Stored items:
====
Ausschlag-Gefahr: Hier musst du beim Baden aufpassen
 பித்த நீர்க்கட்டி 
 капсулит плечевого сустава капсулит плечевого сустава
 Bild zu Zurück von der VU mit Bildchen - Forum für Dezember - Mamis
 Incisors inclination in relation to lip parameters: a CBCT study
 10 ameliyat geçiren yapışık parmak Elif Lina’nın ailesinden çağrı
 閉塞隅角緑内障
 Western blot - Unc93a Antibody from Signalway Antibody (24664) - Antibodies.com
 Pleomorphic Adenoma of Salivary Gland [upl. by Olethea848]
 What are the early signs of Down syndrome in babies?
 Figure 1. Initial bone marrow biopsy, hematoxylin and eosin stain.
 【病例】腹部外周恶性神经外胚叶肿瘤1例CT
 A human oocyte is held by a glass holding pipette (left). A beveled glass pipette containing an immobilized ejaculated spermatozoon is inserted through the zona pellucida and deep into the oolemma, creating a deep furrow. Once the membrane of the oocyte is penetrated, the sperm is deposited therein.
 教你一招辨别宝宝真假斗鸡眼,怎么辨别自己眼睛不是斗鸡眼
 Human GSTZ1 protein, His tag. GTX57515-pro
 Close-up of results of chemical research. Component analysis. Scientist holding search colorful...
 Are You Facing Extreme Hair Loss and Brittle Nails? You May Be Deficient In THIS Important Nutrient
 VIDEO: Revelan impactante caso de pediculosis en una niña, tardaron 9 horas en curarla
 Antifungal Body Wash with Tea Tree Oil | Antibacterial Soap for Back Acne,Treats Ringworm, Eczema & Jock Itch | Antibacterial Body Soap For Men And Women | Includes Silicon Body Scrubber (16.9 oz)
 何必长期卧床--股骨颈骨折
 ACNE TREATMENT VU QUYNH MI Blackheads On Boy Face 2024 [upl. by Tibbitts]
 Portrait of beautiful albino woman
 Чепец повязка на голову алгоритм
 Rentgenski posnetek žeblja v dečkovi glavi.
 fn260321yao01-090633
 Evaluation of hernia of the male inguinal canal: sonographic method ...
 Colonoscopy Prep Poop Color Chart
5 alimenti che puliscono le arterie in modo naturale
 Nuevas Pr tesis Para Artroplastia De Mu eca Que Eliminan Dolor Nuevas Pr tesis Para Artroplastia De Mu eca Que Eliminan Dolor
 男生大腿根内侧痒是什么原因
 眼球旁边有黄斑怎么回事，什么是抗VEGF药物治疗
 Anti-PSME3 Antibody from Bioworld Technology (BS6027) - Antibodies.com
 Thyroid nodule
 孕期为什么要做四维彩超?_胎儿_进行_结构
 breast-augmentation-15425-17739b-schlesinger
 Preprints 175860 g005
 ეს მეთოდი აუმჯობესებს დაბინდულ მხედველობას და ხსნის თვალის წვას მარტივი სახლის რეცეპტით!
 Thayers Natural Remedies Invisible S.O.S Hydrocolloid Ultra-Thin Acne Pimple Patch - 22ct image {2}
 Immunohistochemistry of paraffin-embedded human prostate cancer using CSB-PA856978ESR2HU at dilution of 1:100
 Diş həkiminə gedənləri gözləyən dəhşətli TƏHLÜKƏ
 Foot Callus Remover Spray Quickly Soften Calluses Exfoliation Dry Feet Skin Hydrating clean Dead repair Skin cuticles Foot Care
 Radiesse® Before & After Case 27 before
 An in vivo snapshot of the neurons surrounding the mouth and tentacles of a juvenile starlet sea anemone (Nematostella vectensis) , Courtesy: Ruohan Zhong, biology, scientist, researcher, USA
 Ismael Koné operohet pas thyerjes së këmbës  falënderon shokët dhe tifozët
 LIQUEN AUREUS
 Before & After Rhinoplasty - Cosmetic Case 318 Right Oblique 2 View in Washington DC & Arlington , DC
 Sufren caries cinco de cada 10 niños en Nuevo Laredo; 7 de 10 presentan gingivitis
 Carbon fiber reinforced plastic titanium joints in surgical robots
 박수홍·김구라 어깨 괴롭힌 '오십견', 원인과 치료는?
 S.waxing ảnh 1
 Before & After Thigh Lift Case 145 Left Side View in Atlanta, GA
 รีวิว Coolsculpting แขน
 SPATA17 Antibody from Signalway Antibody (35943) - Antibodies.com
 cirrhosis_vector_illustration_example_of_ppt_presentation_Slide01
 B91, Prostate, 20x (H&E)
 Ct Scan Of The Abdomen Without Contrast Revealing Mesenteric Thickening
====
#### The task
Exact copies of all the entries above should be returned.

#### Result for this task
Ausschlag-Gefahr: Hier musst du beim Baden aufpassen
 பித்த நீர்க்கட்டி 
 капсулит плечевого сустава капсулит плечевого сустава
 Bild zu Zurück von der VU mit Bildchen - Forum für Dezember - Mamis
 Incisors inclination in relation to lip parameters: a CBCT study
 10 ameliyat geçiren yapışık parmak Elif Lina’nın ailesinden çağrı
 閉塞隅角緑内障
 Western blot - Unc93a Antibody from Signalway Antibody (24664) - Antibodies.com
 Pleomorphic Adenoma of Salivary Gland [upl. by Olethea848]
 What are the early signs of Down syndrome in babies?
 Figure 1. Initial bone marrow biopsy, hematoxylin and eosin stain.
 【病例】腹部外周恶性神经外胚叶肿瘤1例CT
 A human oocyte is held by a glass holding pipette (left). A beveled glass pipette containing an immobilized ejaculated spermatozoon is inserted through the zona pellucida and deep into the oolemma, creating a deep furrow. Once the membrane of the oocyte is penetrated, the sperm is deposited therein.
 教你一招辨别宝宝真假斗鸡眼,怎么辨别自己眼睛不是斗鸡眼
 Human GSTZ1 protein, His tag. GTX57515-pro
 Close-up of results of chemical research. Component analysis. Scientist holding search colorful...
 Are You Facing Extreme Hair Loss and Brittle Nails? You May Be Deficient In THIS Important Nutrient
 VIDEO: Revelan impactante caso de pediculosis en una niña, tardaron 9 horas en curarla
 Antifungal Body Wash with Tea Tree Oil | Antibacterial Soap for Back Acne,Treats Ringworm, Eczema & Jock Itch | Antibacterial Body Soap For Men And Women | Includes Silicon Body Scrubber (16.9 oz)
 何必长期卧床--股骨颈骨折
 ACNE TREATMENT VU QUYNH MI Blackheads On Boy Face 2024 [upl. by Tibbitts]
 Portrait of beautiful albino woman
 Чепец повязка на голову алгоритм
 Rentgenski posnetek žeblja v dečkovi glavi.
 fn260321yao01-090633
 Evaluation of hernia of the male inguinal canal: sonographic method ...
 Colonoscopy Prep Poop Color Chart
5 alimenti che puliscono le arterie in modo naturale
 Nuevas Pr tesis Para Artroplastia De Mu eca Que Eliminan Dolor Nuevas Pr tesis Para Artroplastia De Mu eca Que Eliminan Dolor
 男生大腿根内侧痒是什么原因
 眼球旁边有黄斑怎么回事，什么是抗VEGF药物治疗
 Anti-PSME3 Antibody from Bioworld Technology (BS6027) - Antibodies.com
 Thyroid nodule
 孕期为什么要做四维彩超?_胎儿_进行_结构
 breast-augmentation-15425-17739b-schlesinger
 Preprints 175860 g005
 ეს მეთოდი აუმჯობესებს დაბინდულ მხედველობას და ხსნის თვალის წვას მარტივი სახლის რეცეპტით!
 Thayers Natural Remedies Invisible S.O.S Hydrocolloid Ultra-Thin Acne Pimple Patch - 22ct image {2}
 Immunohistochemistry of paraffin-embedded human prostate cancer using CSB-PA856978ESR2HU at dilution of 1:100
 Diş həkiminə gedənləri gözləyən dəhşətli TƏHLÜKƏ
 Foot Callus Remover Spray Quickly Soften Calluses Exfoliation Dry Feet Skin Hydrating clean Dead repair Skin cuticles Foot Care
 Radiesse® Before & After Case 27 before
 An in vivo snapshot of the neurons surrounding the mouth and tentacles of a juvenile starlet sea anemone (Nematostella vectensis) , Courtesy: Ruohan Zhong, biology, scientist, researcher, USA
 Ismael Koné operohet pas thyerjes së këmbës  falënderon shokët dhe tifozët
 LIQUEN AUREUS
 Before & After Rhinoplasty - Cosmetic Case 318 Right Oblique 2 View in Washington DC & Arlington , DC
 Sufren caries cinco de cada 10 niños en Nuevo Laredo; 7 de 10 presentan gingivitis
 Carbon fiber reinforced plastic titanium joints in surgical robots
 박수홍·김구라 어깨 괴롭힌 '오십견', 원인과 치료는?
 S.waxing ảnh 1
 Before & After Thigh Lift Case 145 Left Side View in Atlanta, GA
 รีวิว Coolsculpting แขน
 SPATA17 Antibody from Signalway Antibody (35943) - Antibodies.com
 cirrhosis_vector_illustration_example_of_ppt_presentation_Slide01
 B91, Prostate, 20x (H&E)
 Ct Scan Of The Abdomen Without Contrast Revealing Mesenteric Thickening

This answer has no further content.